Records for processing -
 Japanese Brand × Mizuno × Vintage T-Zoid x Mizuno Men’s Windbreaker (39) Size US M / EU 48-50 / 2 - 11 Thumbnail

...

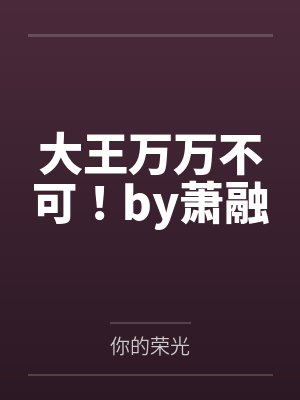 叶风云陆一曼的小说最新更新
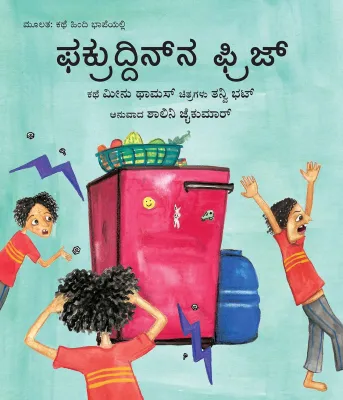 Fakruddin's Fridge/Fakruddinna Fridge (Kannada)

Work to complete - Your answer should be the lines above, word for word, from the line with "叶风云陆一曼的小说最新更新" through the line with "Fakruddin's Fridge/Fakruddinna Fridge", minus the pictures.

Output of the task -
 叶风云陆一曼的小说最新更新
 Fakruddin's Fridge/Fakruddinna Fridge (Kannada)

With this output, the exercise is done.